Dataset entries:

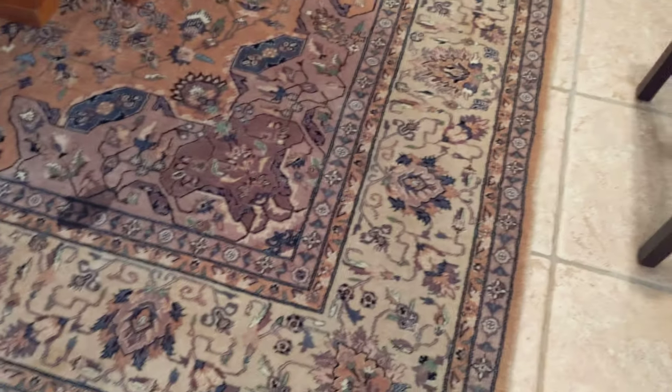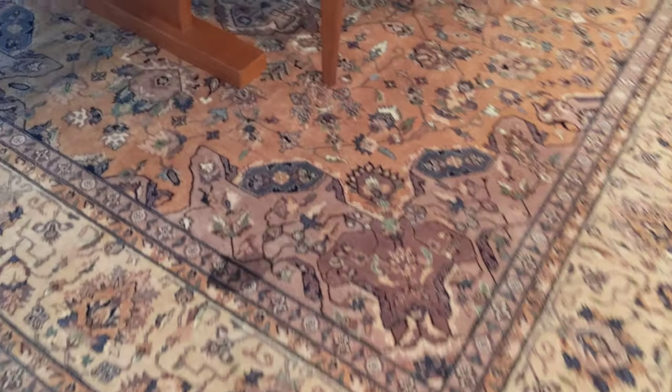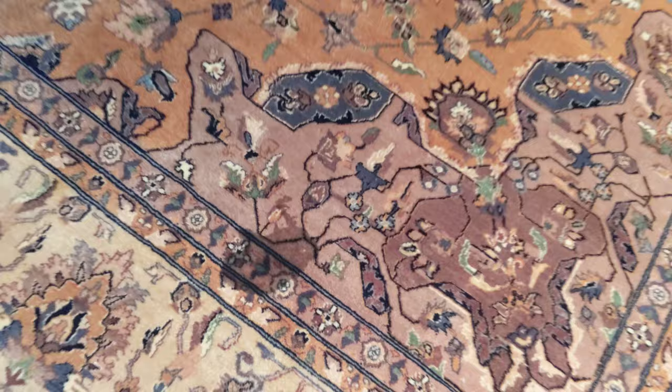I just delivered this gorgeous rug and the dog came over and right away made a pee pee on the rug. Let me show you the right way to clean it.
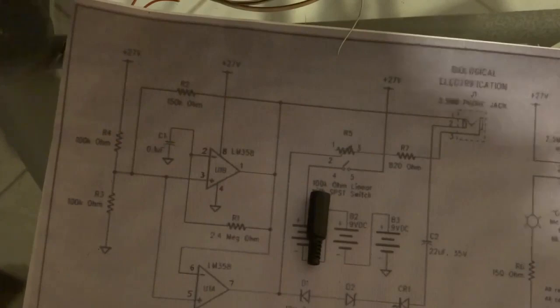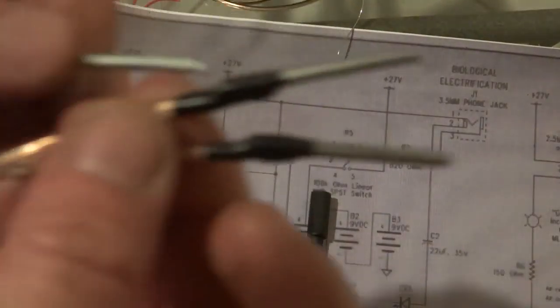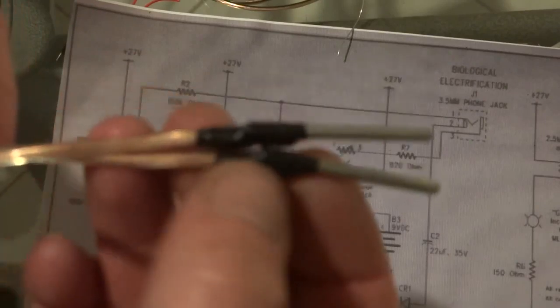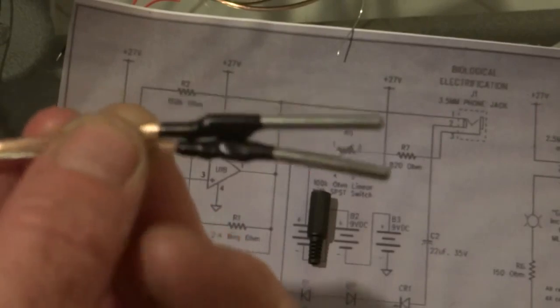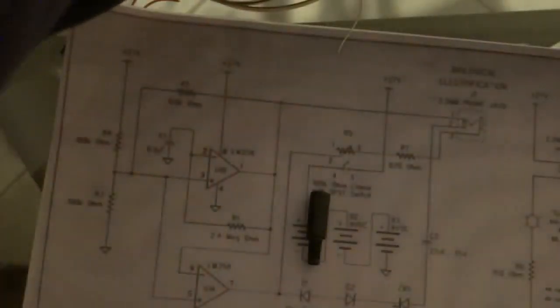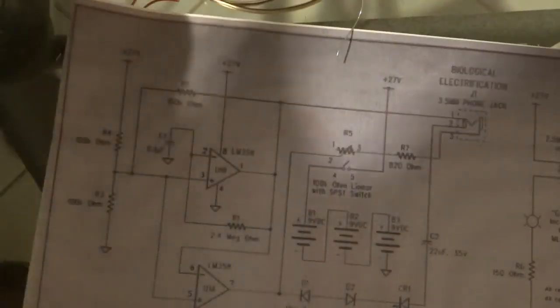Get two stainless steel pins, solder them onto the wire, and tape them up like that — tape them onto the wire.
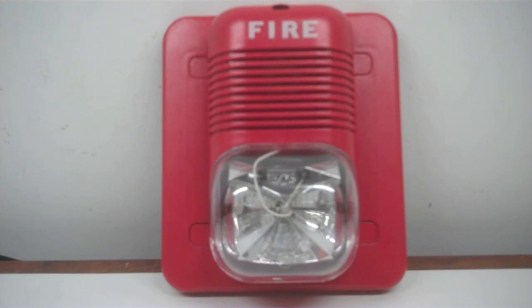Another Spectre Alert. Well, this video is going to be a bit different here. This is the System Sensor P241575.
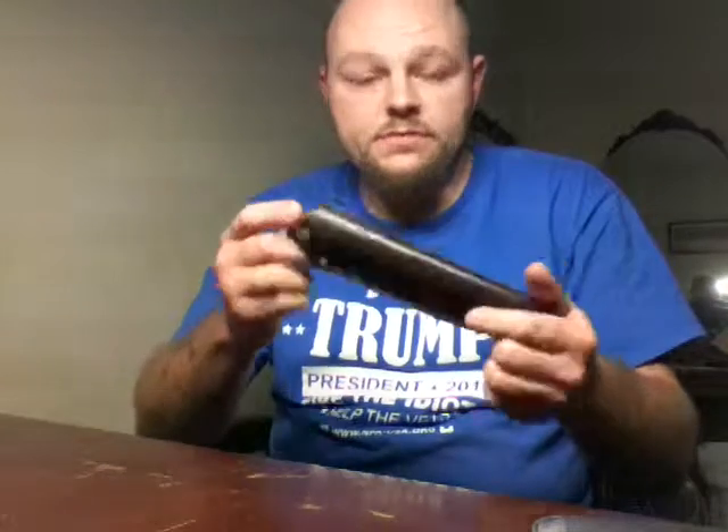Hey guys, this is Rough Rooster Knife Sharpener again. I've got another knife review to do tonight. Hopefully when it starts warming up, I'm going to get out and actually do some usage tests and show you guys. I'm going to be doing a review on the Battle Horse Comanche tonight.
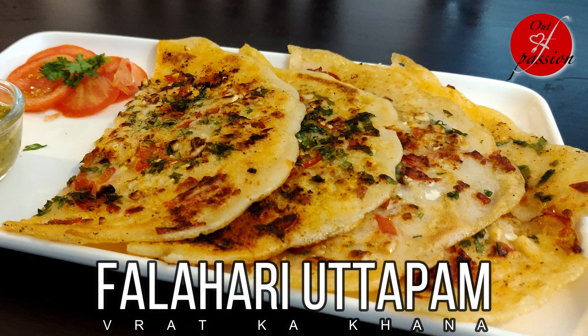Hi friends, I am your host and friend Sugandha and today we are going to make Falahari Uttapam.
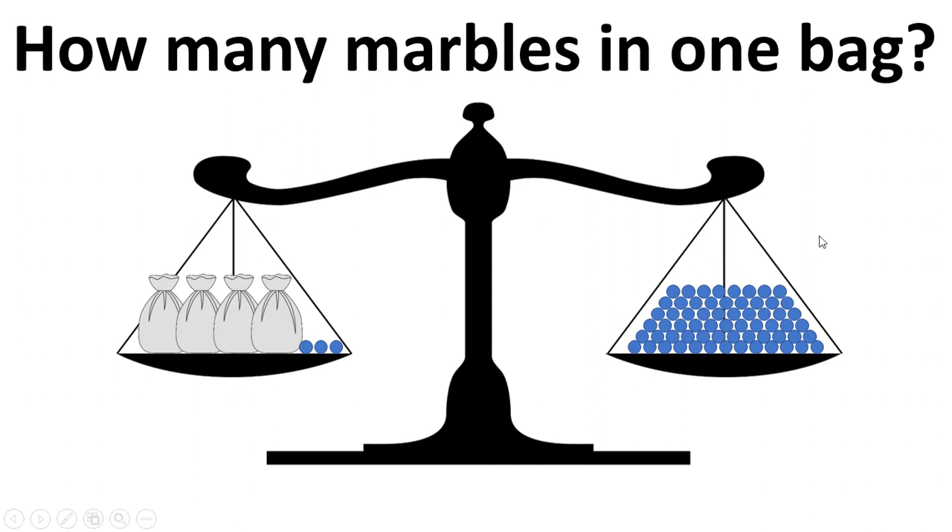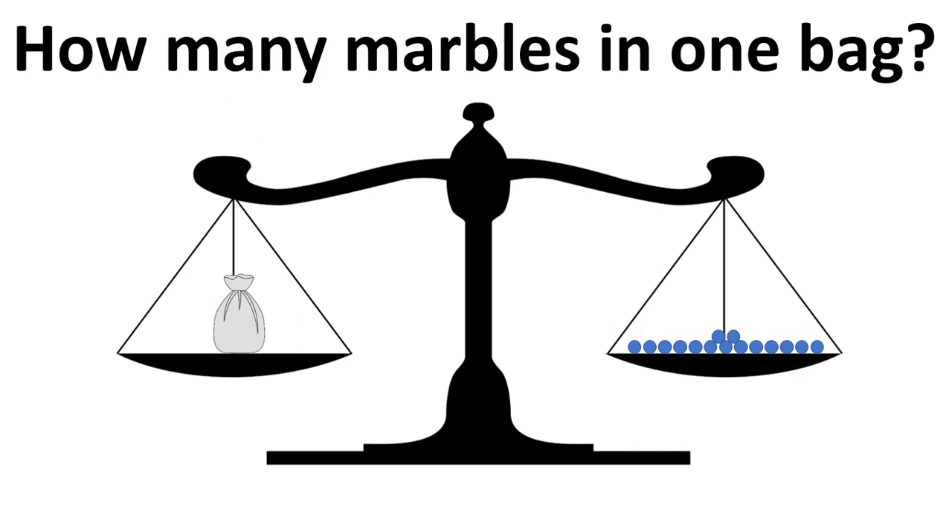To solve this problem we have to take away three marbles from both sides, keeping things balanced. We then divide both sides by four and we end up with 15 marbles on the right hand side, which means we know there are 15 marbles in one bag.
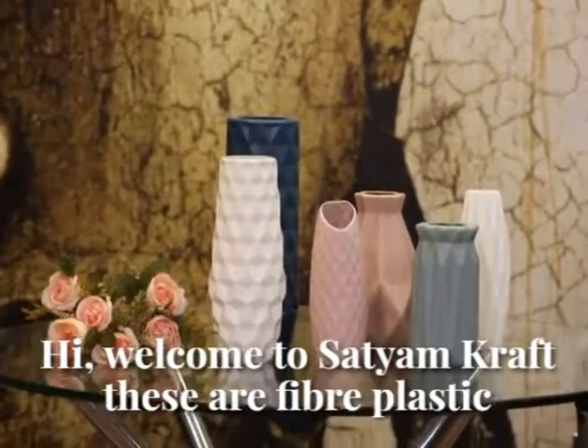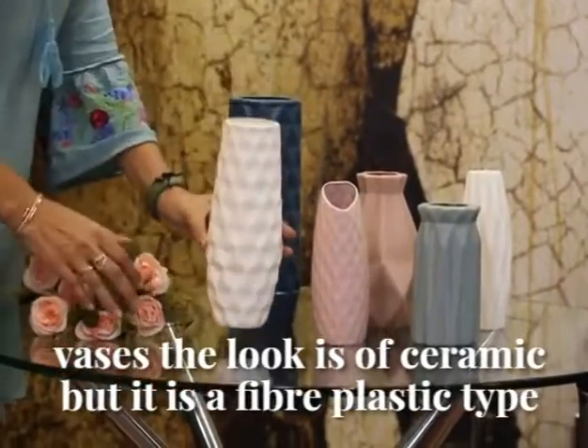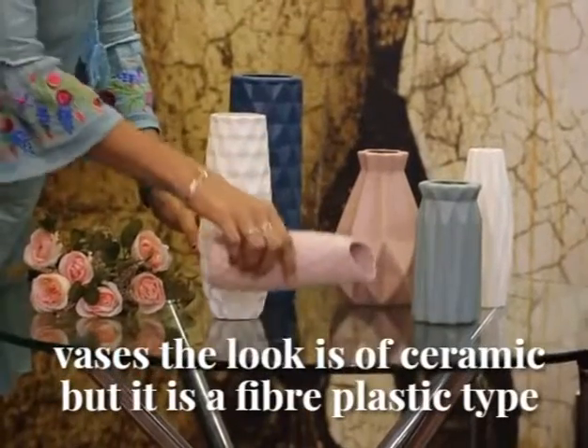Hi, welcome to Satyam Krab. These are fiber plastic ceramic washes. The look is of ceramic, but it is a fiber plastic type.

== TASK GOAL ==
Make a word-for-word copy of the entries, without any pictures.

== TASK RESULT ==
I just delivered this gorgeous rug and the dog came over and right away made a pee pee on the rug. Let me show you the right way to clean it.
Get two stainless steel pins, solder them onto the wire, and tape them up like that — tape them onto the wire.
Another Spectre Alert. Well, this video is going to be a bit different here. This is the System Sensor P241575.
Hey guys, this is Rough Rooster Knife Sharpener again. I've got another knife review to do tonight. Hopefully when it starts warming up, I'm going to get out and actually do some usage tests and show you guys. I'm going to be doing a review on the Battle Horse Comanche tonight.
Hi friends, I am your host and friend Sugandha and today we are going to make Falahari Uttapam.
To solve this problem we have to take away three marbles from both sides, keeping things balanced. We then divide both sides by four and we end up with 15 marbles on the right hand side, which means we know there are 15 marbles in one bag.
Hi, welcome to Satyam Krab. These are fiber plastic ceramic washes. The look is of ceramic, but it is a fiber plastic type.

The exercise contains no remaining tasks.